Time Runners
- Freeze-Framed Rewind Assassin Past Forward Wipe Out
- Author: Justin Richards
- Country: United Kingdom
- Language: English
- Genre: Fantasy, young adult fiction, thriller
- Publisher: Simon & Schuster (UK)
- Published: March 2007 — August 2008
- Media type: Print (hardcover and paperback)

= Time Runners =

Series of fantasy novels

Time Runners is a series of fantasy novels written by the British author Justin Richards. The books chronicle the adventures of schoolboy Jamie Grant who falls through a "time break" and becomes a Runner along with the mysterious Anna, with power to control time and a duty to protect it from malign interference by the sinister Darkling Midnight.

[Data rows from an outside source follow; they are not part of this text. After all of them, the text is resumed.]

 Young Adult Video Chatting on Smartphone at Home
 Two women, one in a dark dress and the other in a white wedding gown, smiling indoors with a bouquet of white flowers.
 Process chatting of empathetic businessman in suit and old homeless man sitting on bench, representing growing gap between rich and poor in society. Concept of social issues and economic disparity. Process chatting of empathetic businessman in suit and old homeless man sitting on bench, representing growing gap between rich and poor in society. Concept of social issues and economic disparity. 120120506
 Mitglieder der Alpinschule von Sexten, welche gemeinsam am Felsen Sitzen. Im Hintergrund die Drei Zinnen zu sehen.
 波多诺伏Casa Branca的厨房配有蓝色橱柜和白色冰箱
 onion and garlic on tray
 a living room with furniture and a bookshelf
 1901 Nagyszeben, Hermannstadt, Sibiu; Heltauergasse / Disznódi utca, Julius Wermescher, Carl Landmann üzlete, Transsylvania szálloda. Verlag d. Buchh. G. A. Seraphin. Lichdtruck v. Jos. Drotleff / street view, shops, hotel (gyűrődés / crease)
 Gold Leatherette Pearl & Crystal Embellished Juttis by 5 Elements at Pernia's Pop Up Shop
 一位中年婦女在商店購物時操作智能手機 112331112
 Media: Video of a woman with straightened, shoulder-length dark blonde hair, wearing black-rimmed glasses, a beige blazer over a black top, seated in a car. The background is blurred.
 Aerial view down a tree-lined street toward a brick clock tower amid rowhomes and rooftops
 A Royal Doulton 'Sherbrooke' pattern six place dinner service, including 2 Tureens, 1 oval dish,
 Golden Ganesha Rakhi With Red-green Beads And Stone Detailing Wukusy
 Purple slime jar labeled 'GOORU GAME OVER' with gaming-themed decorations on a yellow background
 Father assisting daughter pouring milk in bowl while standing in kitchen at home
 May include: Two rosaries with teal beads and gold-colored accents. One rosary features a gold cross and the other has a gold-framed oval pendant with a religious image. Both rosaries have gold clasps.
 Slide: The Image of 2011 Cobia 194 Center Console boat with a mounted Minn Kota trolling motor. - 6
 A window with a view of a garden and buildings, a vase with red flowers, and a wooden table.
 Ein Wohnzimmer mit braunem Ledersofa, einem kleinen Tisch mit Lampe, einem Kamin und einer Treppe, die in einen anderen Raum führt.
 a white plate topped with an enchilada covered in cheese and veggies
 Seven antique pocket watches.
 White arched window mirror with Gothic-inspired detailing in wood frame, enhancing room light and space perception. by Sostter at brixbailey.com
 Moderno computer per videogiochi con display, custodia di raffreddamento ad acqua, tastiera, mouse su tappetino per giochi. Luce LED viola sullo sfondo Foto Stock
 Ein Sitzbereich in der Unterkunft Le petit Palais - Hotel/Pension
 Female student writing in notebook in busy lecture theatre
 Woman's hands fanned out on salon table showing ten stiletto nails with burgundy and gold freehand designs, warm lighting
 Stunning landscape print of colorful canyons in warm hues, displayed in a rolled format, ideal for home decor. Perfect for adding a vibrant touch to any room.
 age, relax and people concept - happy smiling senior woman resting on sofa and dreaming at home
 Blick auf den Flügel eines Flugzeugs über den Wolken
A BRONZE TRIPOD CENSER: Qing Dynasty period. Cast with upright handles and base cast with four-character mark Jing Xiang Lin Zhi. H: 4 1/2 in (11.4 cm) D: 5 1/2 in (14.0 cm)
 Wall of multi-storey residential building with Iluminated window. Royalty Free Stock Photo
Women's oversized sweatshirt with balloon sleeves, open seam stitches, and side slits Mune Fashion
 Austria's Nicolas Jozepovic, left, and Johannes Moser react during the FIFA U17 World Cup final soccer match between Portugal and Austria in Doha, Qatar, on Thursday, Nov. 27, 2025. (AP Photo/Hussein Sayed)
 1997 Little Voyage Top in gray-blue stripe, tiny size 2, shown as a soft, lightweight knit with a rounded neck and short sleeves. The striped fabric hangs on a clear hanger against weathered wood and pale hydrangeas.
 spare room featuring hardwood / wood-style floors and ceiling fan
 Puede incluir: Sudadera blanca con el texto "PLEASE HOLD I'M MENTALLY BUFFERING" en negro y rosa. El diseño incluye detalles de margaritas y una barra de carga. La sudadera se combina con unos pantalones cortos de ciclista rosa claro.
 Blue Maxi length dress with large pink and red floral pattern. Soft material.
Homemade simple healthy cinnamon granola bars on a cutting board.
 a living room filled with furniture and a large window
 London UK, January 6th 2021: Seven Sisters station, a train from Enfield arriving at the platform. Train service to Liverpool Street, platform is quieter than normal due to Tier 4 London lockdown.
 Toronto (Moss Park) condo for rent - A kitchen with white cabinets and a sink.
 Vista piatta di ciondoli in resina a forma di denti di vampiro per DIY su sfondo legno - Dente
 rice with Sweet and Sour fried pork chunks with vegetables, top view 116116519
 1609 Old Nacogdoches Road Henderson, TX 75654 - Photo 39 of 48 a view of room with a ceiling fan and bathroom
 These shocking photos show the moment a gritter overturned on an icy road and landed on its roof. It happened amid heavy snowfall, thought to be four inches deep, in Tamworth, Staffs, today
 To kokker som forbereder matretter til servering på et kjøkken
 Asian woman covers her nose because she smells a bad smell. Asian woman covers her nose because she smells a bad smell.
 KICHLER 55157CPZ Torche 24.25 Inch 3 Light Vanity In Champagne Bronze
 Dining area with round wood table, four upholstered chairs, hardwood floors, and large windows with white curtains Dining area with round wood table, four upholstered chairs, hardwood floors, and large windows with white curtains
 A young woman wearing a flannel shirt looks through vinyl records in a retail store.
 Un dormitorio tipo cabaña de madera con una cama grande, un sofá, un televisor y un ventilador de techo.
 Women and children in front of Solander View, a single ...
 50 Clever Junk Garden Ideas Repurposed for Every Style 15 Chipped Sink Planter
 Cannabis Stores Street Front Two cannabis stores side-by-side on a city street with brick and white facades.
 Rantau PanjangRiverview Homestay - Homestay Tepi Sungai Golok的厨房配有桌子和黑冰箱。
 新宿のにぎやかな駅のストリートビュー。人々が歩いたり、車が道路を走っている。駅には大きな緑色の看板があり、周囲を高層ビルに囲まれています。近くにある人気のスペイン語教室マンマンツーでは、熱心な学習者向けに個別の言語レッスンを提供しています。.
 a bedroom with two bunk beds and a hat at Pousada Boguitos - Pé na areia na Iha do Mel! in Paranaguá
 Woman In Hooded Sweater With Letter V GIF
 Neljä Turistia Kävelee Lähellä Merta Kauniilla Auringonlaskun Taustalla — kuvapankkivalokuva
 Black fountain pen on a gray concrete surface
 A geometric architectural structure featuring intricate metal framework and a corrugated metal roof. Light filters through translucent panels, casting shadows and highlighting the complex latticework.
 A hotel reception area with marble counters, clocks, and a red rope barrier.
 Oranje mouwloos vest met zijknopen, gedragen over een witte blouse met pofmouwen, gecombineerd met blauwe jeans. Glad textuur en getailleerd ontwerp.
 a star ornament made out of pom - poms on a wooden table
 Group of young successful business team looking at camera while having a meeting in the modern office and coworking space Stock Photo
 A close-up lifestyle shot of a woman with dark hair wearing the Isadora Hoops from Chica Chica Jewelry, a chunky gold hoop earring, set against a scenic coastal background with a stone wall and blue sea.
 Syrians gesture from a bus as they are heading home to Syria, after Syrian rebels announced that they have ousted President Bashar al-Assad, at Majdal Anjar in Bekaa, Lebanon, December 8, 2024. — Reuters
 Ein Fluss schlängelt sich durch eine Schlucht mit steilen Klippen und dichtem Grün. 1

The first novel Freeze-Framed was released in March 2007, and since then three further books have been added to the series.

== Plot ==
The novels are narrated in the first person by the schoolboy Jamie Grant, who at the start of the first book is twelve years old and has just started a new school. The Time Runners of the series title are people who fall through a time break and who therefore "no longer exist": their existence fades away until they cannot be seen and are not remembered, though this can be averted temporarily by them reminding people it gets to the point eventually where they cannot be seen at all but they continue an existence outside time, with some degree of power over it.
Those who are lost are told there is no way to return to reality.
Jamie works with a young runner called Anna who has been 14 for a long time and guides him.
The Runners comprise an alliance from many places and times who work to protect time from the interference of those who wish to alter reality to meet their image of a perfect world by changing history, the main antagonist is Darkling midnight an Adept (someone with a very powerful control over time) who the Runners see as their enemy, and who is assisted by evil time creatures called Skitters.
Midnight is at times threatening but can be very courteous. H
 The Runners appear to remain fixed at the age they were when they fell outside time, so once Jamie becomes a Runner he remains at twelve years old throughout the remaining books.
While Runners are not remembered and do not have a place in time, they can be given the ability to be seen and interact with the real world. Over the course of the series, Jamie and Anna discover that they have been misled and that a difficult, though rare, method to return home exists, which requires a significant sacrifice.

=== Freeze-Framed ===
In the first book of the series, the narrator, Jamie Grant, is introduced, along with his mum and dad and little sister Ellie. Jamie is having trouble settling at school when he meets Anna, a Runner who appears to be fourteen years old but is later revealed to have many years of experience as a Runner. She attempts to protect Jamie from his first encounter with Darkling Midnight, but Jamie falls through a time break and is rescued by Senex, Anna's partner in the alliance. He becomes a Runner, and is revealed to be very strong, and he starts to learn how to exercise his control over time.

=== Rewind Assassin ===

The second book of the series recounts the first mission on which Jamie and Anna are sent as Runners. They go to 1596 to prevent an assassination, and in the process meet William Shakespeare and Queen Elizabeth I.

=== Past Forward ===

The third book of the series is set in America in 2021, at a time when civilization has broken down after the assassination of the President. Jamie and Anna discover that someone is tampering with time, and sacrificing children in the process.

=== Wipe Out ===

The fourth book is set in the 1950s, in Britain during the Cold War.
At the end of this book Jamie manages to generate a large sum of energy succeeds in returning Anna to her own time, along with twenty years of time in which to live life protected from midnight. He lies to her that there is enough energy to return them both home as he knows she would not let him do so otherwise.
Both Darkling Midnight and Jamie arrive at the end of this time interval to meet the now-adult Anna who has no recollection of the Runners, and the book ends on a cliffhanger.